Soft Creatures is a multimedia installation I realized for the event Anima-Animus on the 10th of September 2022, hosted by The Hub in Lugano (CH).

The work encompasses nine textile sculptures, a soundscape and a video. The atmosphere is somewhat mysterious and bodily. Gentle here and uncanny there. The soundscape floats through the room. A movement of never fully recognizable bodily and watery sounds originates from within the sculptures. The soft printed textiles also have ambiguous, yet elegant, traits. They recalls skin here, hairs there, perhaps fruit elsewhere, mostly they are not at all recognizable, colours fade into abstraction. On a large screen runs in loop a close up video of moving lips. They are extremely big in relation to a body. Their movement is sometimes very slow, other times very fast. Perhaps the lips move through various emotional tensions, perhaps they are trying to tell us something, perhaps they don’t try to tell us anything, they just move.

I presented the work in combination with a short text which you can read in the following page.

At the event I was asked to give a brief talk.

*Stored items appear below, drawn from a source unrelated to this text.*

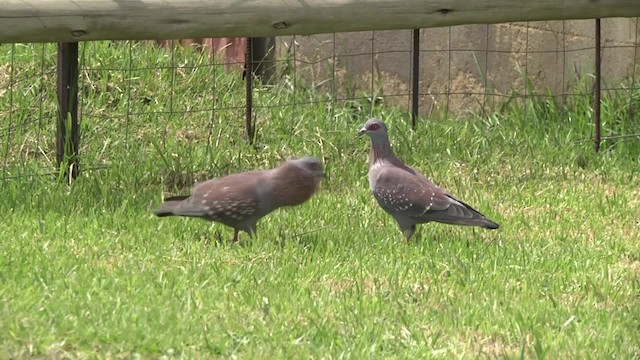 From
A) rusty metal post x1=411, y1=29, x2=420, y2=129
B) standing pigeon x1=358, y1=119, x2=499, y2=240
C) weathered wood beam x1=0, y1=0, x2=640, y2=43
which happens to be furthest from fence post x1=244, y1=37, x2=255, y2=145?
standing pigeon x1=358, y1=119, x2=499, y2=240

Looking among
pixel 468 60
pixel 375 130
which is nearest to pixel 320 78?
pixel 468 60

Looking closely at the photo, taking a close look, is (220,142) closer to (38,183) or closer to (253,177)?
(38,183)

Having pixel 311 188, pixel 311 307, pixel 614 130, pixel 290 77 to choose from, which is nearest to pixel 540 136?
pixel 614 130

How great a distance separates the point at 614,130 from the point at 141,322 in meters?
5.65

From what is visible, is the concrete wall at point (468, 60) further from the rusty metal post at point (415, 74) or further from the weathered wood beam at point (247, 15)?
the weathered wood beam at point (247, 15)

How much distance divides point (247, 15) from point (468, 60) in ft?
9.73

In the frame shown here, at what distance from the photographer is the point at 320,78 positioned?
11.4m

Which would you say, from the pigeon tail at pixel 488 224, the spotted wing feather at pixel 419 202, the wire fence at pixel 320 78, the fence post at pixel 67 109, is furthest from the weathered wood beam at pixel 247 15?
the pigeon tail at pixel 488 224

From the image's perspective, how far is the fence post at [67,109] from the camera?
8.82m

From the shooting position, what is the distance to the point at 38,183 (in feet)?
28.0

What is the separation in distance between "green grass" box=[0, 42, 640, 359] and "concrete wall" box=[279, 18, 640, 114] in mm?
233

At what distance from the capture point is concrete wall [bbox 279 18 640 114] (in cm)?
1061

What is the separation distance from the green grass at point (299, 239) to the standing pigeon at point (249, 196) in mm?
172

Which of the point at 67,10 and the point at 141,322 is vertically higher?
the point at 67,10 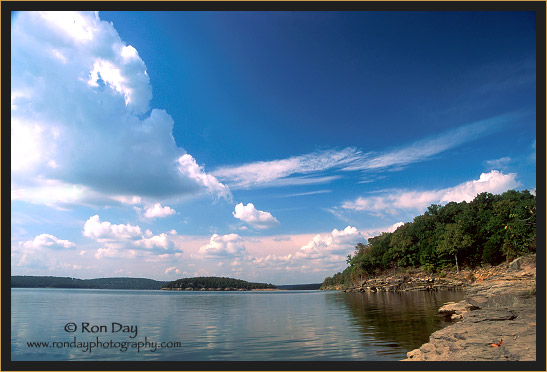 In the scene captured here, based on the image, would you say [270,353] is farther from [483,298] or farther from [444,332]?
[483,298]

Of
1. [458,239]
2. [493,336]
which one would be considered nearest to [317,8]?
[493,336]

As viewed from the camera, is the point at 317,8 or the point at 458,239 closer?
the point at 317,8

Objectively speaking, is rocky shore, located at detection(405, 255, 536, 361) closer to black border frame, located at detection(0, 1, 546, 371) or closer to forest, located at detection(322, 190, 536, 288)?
black border frame, located at detection(0, 1, 546, 371)

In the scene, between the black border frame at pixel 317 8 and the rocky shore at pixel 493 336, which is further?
the rocky shore at pixel 493 336

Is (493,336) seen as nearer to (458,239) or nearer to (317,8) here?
(317,8)

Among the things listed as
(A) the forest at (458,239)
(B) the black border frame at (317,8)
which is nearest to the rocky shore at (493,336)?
(B) the black border frame at (317,8)

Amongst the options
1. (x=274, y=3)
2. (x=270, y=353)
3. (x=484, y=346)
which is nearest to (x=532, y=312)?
(x=484, y=346)

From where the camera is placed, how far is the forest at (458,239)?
80.5 meters

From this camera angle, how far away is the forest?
264ft

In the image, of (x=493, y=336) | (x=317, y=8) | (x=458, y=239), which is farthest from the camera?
(x=458, y=239)

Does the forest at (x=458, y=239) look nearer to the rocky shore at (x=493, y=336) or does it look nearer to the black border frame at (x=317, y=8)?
the rocky shore at (x=493, y=336)

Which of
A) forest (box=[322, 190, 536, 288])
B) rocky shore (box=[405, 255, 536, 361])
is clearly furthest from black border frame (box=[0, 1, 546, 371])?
forest (box=[322, 190, 536, 288])

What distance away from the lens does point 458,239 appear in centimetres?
8650

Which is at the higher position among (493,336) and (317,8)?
(317,8) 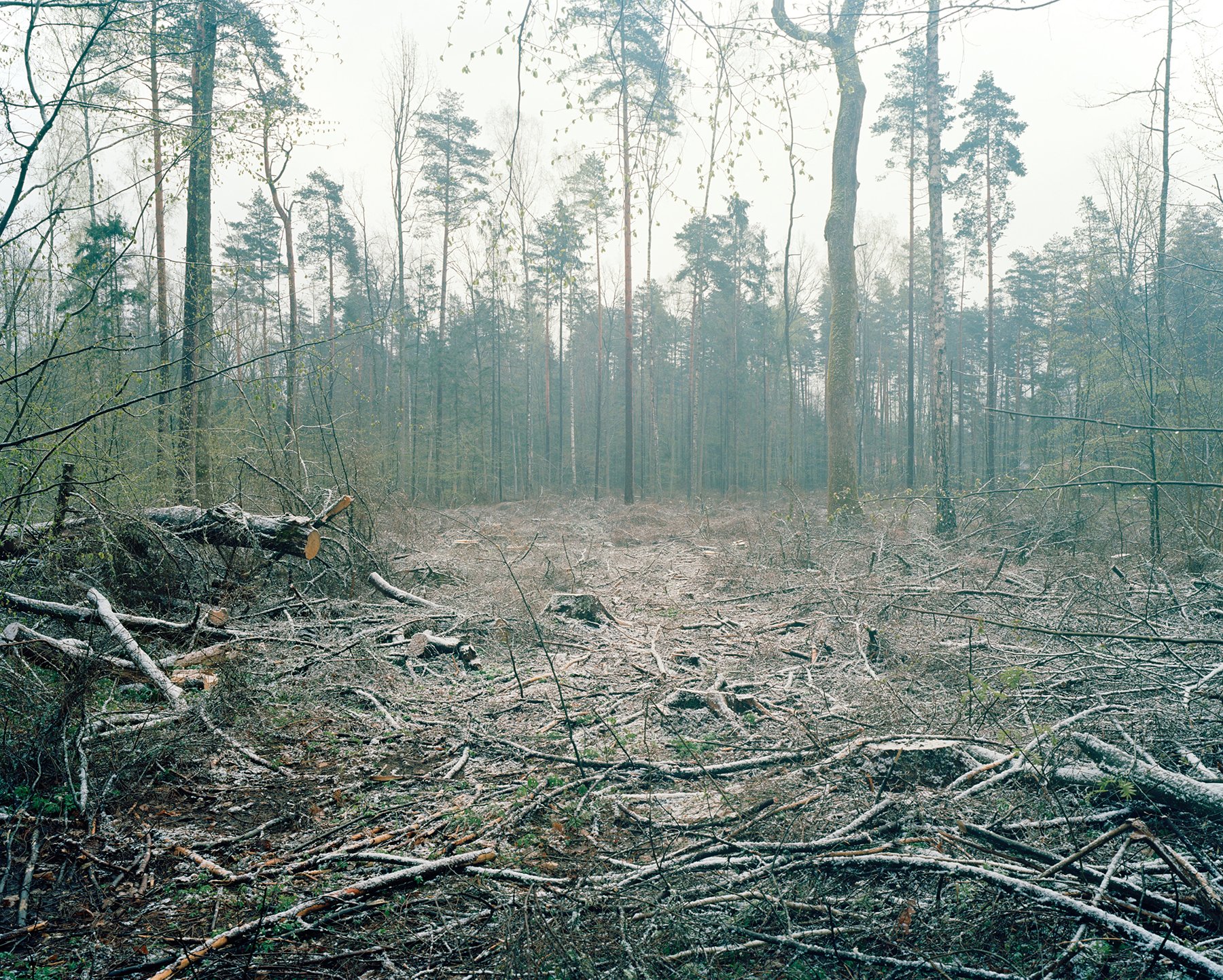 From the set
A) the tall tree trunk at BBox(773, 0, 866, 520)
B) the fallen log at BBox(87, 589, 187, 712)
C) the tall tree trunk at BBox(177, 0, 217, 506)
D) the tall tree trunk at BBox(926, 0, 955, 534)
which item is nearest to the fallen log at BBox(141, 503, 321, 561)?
the tall tree trunk at BBox(177, 0, 217, 506)

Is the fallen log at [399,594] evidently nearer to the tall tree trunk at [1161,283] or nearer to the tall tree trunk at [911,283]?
the tall tree trunk at [1161,283]

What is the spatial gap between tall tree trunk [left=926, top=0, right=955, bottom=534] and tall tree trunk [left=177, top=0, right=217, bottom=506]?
10394mm

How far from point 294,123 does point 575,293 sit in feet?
97.7

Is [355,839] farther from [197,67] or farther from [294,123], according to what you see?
[197,67]

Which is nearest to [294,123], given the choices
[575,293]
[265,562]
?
[265,562]

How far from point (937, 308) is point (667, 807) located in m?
10.5

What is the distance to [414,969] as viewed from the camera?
201 centimetres

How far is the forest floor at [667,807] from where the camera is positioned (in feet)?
6.35

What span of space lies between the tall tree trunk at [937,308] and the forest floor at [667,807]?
4379 millimetres

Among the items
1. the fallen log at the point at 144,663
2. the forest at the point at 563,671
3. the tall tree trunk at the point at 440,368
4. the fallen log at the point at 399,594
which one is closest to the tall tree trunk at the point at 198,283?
the forest at the point at 563,671

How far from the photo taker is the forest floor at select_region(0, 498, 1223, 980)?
1.94m

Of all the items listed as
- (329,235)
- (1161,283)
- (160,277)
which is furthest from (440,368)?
(1161,283)

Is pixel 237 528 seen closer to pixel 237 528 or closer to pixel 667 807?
pixel 237 528

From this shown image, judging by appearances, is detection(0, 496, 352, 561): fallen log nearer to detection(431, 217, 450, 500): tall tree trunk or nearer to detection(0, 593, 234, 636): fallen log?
detection(0, 593, 234, 636): fallen log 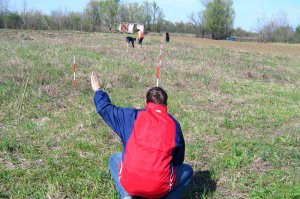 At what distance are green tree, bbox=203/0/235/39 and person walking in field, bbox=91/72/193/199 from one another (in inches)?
3018

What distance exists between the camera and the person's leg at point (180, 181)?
3797mm

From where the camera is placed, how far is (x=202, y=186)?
16.0 ft

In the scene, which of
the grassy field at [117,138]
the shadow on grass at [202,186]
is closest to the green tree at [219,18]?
the grassy field at [117,138]

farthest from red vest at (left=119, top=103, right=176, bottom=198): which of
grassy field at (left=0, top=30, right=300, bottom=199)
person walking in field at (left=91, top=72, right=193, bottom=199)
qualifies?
grassy field at (left=0, top=30, right=300, bottom=199)

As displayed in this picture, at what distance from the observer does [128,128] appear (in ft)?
12.0

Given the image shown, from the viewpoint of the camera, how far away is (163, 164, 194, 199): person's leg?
3797 millimetres

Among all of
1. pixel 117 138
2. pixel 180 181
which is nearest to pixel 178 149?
pixel 180 181

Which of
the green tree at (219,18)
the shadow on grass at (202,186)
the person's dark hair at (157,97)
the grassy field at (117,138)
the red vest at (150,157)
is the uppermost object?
the green tree at (219,18)

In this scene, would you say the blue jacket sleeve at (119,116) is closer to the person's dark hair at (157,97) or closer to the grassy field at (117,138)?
the person's dark hair at (157,97)

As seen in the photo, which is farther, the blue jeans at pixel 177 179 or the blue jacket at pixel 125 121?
the blue jeans at pixel 177 179

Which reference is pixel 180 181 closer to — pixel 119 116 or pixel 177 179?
pixel 177 179

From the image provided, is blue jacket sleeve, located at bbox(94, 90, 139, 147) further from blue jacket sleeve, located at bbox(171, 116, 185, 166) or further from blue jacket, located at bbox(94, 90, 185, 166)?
blue jacket sleeve, located at bbox(171, 116, 185, 166)

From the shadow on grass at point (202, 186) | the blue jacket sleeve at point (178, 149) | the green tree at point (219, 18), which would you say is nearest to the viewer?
the blue jacket sleeve at point (178, 149)

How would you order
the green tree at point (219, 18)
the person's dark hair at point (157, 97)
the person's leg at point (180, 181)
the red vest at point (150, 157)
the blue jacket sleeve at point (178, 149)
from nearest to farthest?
the red vest at point (150, 157) → the blue jacket sleeve at point (178, 149) → the person's dark hair at point (157, 97) → the person's leg at point (180, 181) → the green tree at point (219, 18)
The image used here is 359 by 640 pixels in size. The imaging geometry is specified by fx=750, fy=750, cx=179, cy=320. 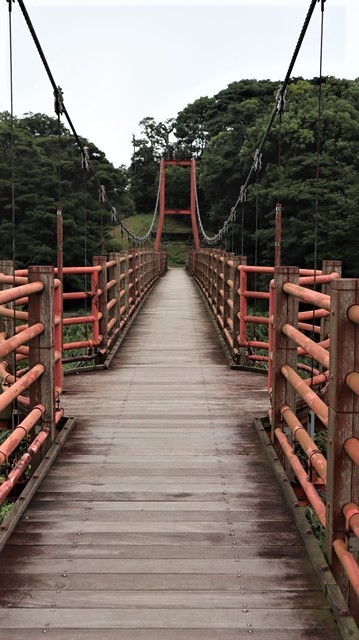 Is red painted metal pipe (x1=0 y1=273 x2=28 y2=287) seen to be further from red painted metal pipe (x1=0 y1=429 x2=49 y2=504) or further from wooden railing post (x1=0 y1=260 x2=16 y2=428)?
red painted metal pipe (x1=0 y1=429 x2=49 y2=504)

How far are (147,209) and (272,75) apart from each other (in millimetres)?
18707

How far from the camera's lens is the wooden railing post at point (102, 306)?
6.15 meters

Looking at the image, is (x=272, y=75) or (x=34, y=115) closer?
(x=34, y=115)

I introduced to the public the idea of ‘Soft Strength’ which was to me the primal inspiration for this work. I shared my dream of a world where this combination of words does not sound like an oxymoron. I envision a culture where regardless of gender, nationality, age, identity, one is allowed to be soft, vulnerable, empathetic, and where these qualities are recognized as strengths. These are essential aspects of our existence on this planet, and I deeply believe we must learn to recognize their value.

The Soft Creatures and the research which came with it (which I call ‘My Softest Strength’) was supported by AMARTE FONDS. The event was curated by Silvia Cianci Giavatto.

During my last visit to Marghidia, one late evening, my friend Humuri told me the legend
of The Soft Creatures.

The story was contained inside one Maraghidian word: Hamriiti.

To unfold the legend into time, Humuri repeated the word many times, very slowly,
changing intonation here and there.

I did not understand, yet I listened carefully.

Seeing my perplexed face she then wrote it down on the sand by tracing a symbol.

She then repeated it one more time, but extremely slowly, while looking me in the eye:

H A M R I I T I

It took me months of research to grasp the feeling of that word, therefore the meaning of
the legend. The best translation I came up with is: ‘My Softest Strength’.
Like all Maraghidian words, their translation to human language is extremely reductive, as
each symbol is to them sound, feeling, verb, subject, noun and colour all together.